## WORK ORDER
Where does "zhong" occur in the listing? Copy every line that holds it.

## EXERCISE MATERIALS
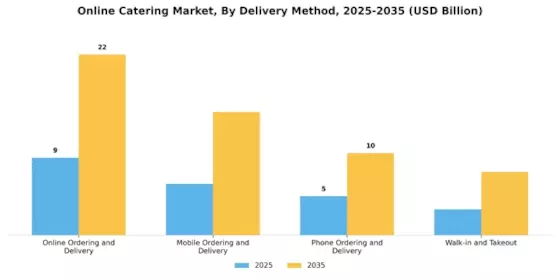 Online Catering Market Segment Image 1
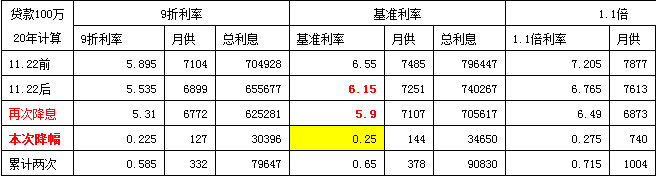 最新或2022（历届）年央行降息对购房者有多大实质影响?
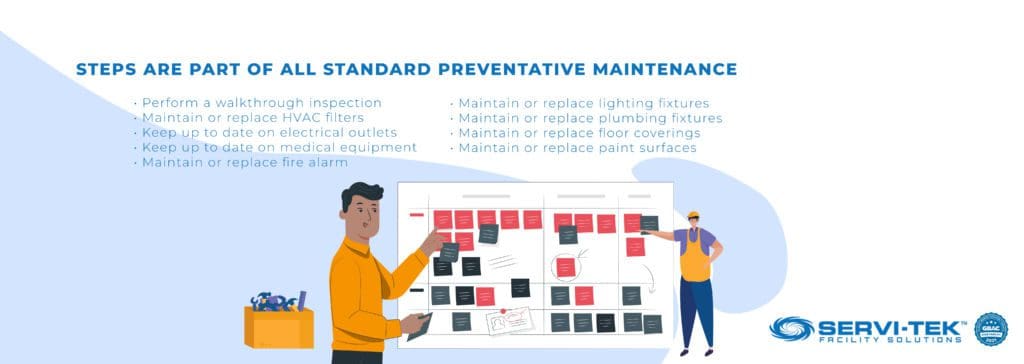 What Is Easy to Follow Preventative Maintenance?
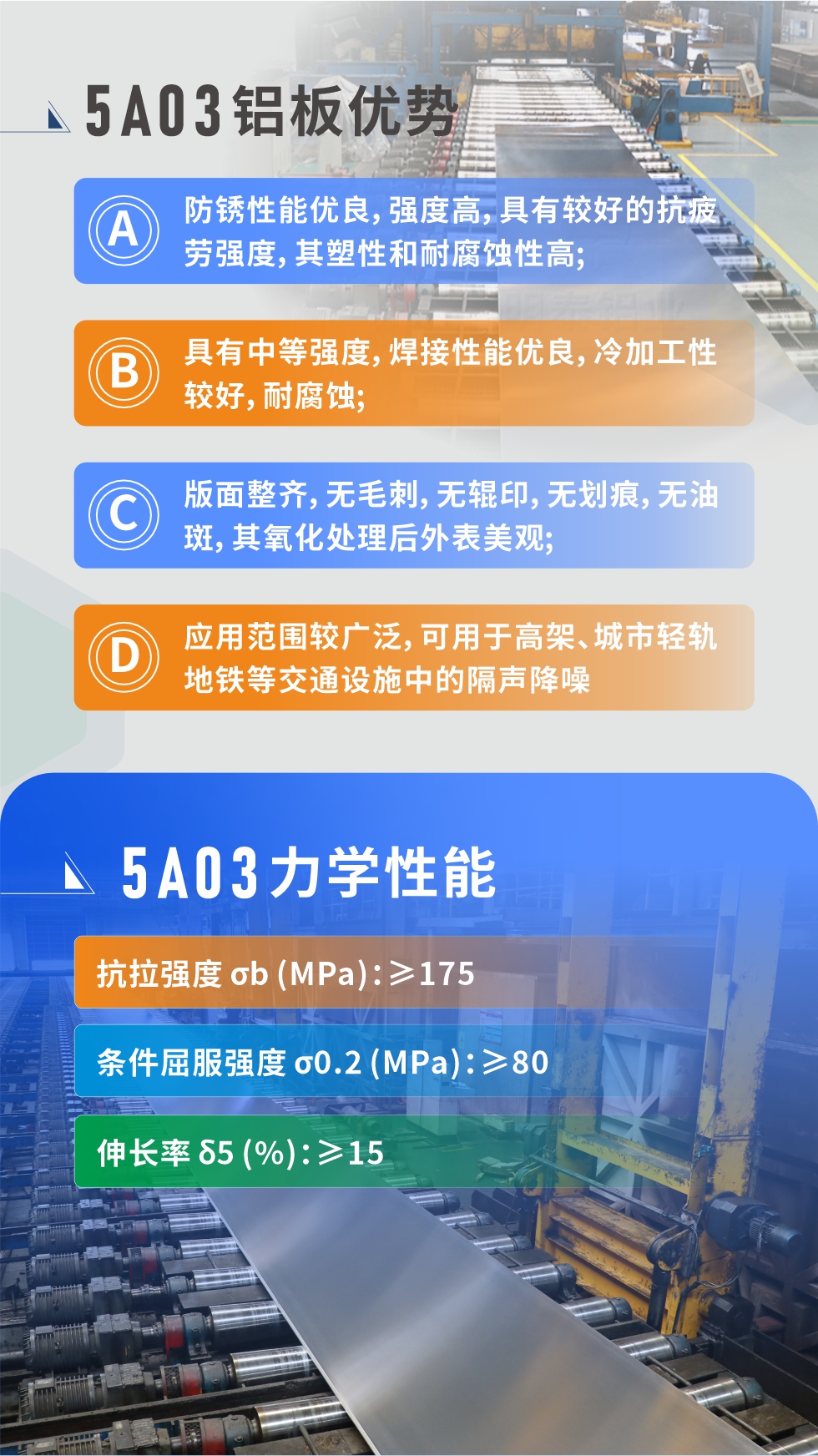  産(chan)品(pin)性能(néng)優(you)勢(shi) 
 
1、防鏽性能(néng)優(you)良，強度高(gao)，具(ju)有(yǒu)較好的(de)抗疲勞強度，其塑性咊(he)耐腐蝕性高(gao);

2、具(ju)有(yǒu)中(zhong)等(deng)強度，焊接性能(néng)優(you)良，冷加(jia)工(gong)性較好，耐腐蝕;

3、版面整齊，無毛刺，無輥印，無劃痕，無油斑，其氧化處理(li)後(hou)外表美觀;

4、應用(yong)範圍較廣(guang)泛，可(kě)用(yong)于(yu)高(gao)架、城(cheng)市(shi)輕軌地鐵等(deng)交通(tong)設(shè)施中(zhong)的(de)隔聲降噪，較好控製(zhi)噪聲對城(cheng)市(shi)居民(mín)區(qu)的(de)影響。5a03鋁闆力(li)學(xué)性能(néng)

抗拉強度 σb (MPa)：≥175

條件屈服強度 σ0.2 (MPa)：≥80

伸長(zhang)率 δ5 (%)：≥15


産(chan)品(pin)對比

5A03的(de)鎂含量略高(gao)于(yu)5754鋁郃(he)金

5A03郃(he)金中(zhong)矽含量高(gao)于(yu)5754

故焊接性能(néng)好于(yu)5754

5A03抗拉強度均高(gao)于(yu)5754

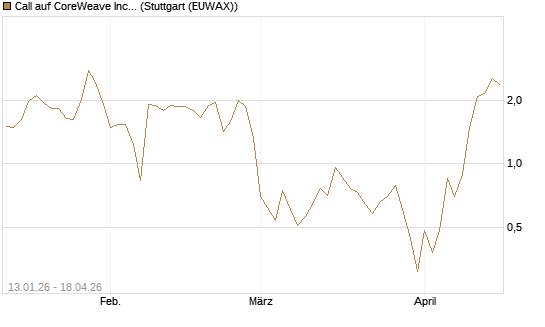 Call auf CoreWeave Inc [Vontobel] Chart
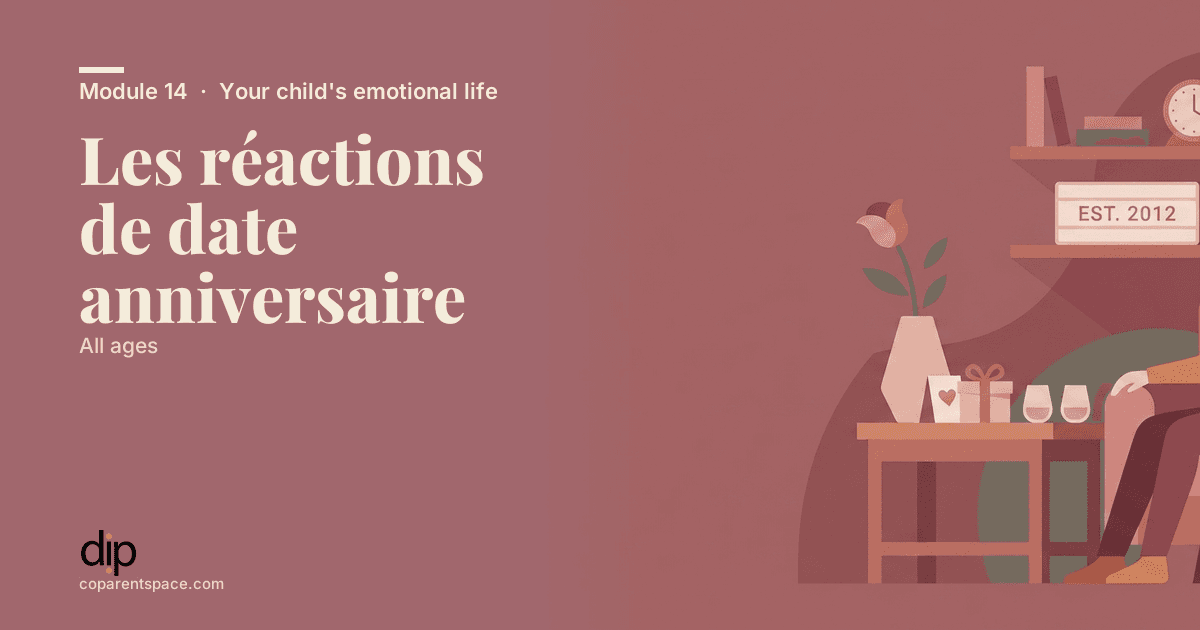 Les réactions de date anniversaire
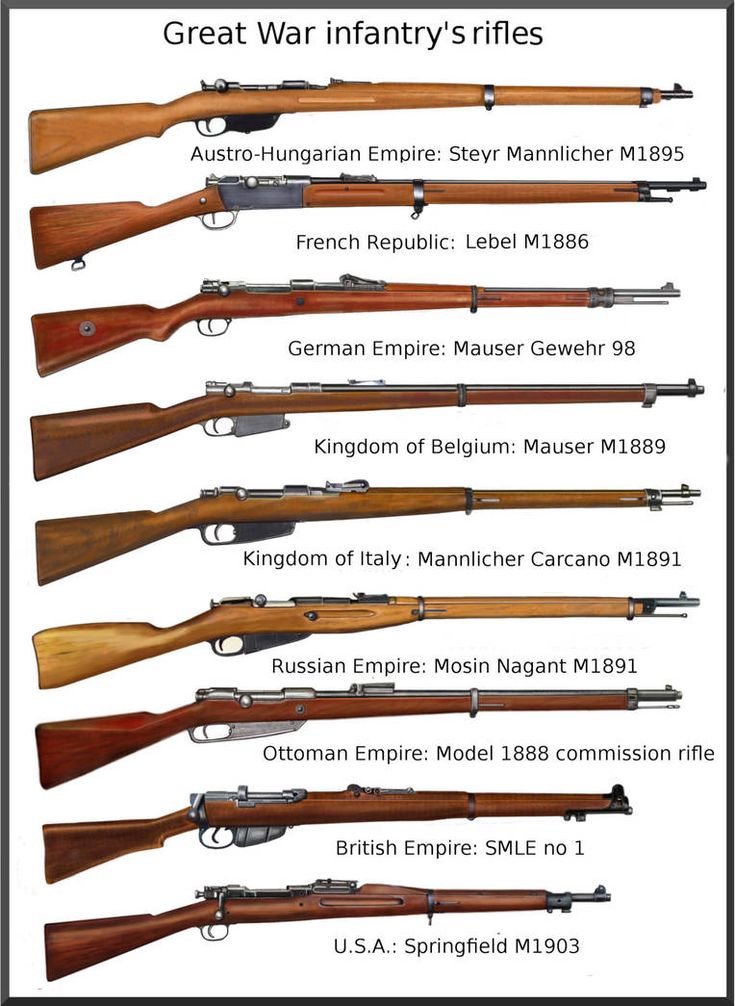 ww1  infantry rifles by AndreaSilva60 Fabrikasi Logam, Wojskowy Humor, Ww1 Art, Military History, Hunting, Germany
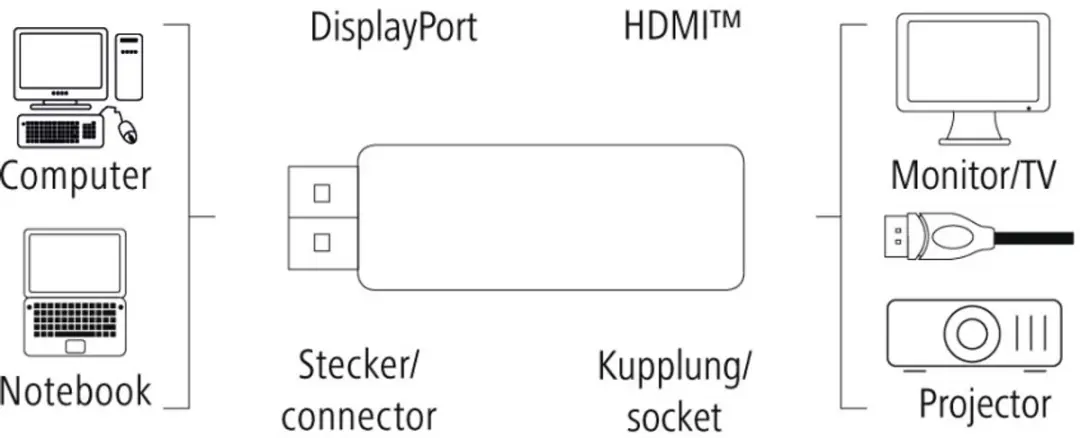 Hama 00133492 DisplayPort-HDMI Tussenstuk - Zwart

## TASK ANSWER
2、具(ju)有(yǒu)中(zhong)等(deng)強度，焊接性能(néng)優(you)良，冷加(jia)工(gong)性較好，耐腐蝕;
4、應用(yong)範圍較廣(guang)泛，可(kě)用(yong)于(yu)高(gao)架、城(cheng)市(shi)輕軌地鐵等(deng)交通(tong)設(shè)施中(zhong)的(de)隔聲降噪，較好控製(zhi)噪聲對城(cheng)市(shi)居民(mín)區(qu)的(de)影響。5a03鋁闆力(li)學(xué)性能(néng)
5A03郃(he)金中(zhong)矽含量高(gao)于(yu)5754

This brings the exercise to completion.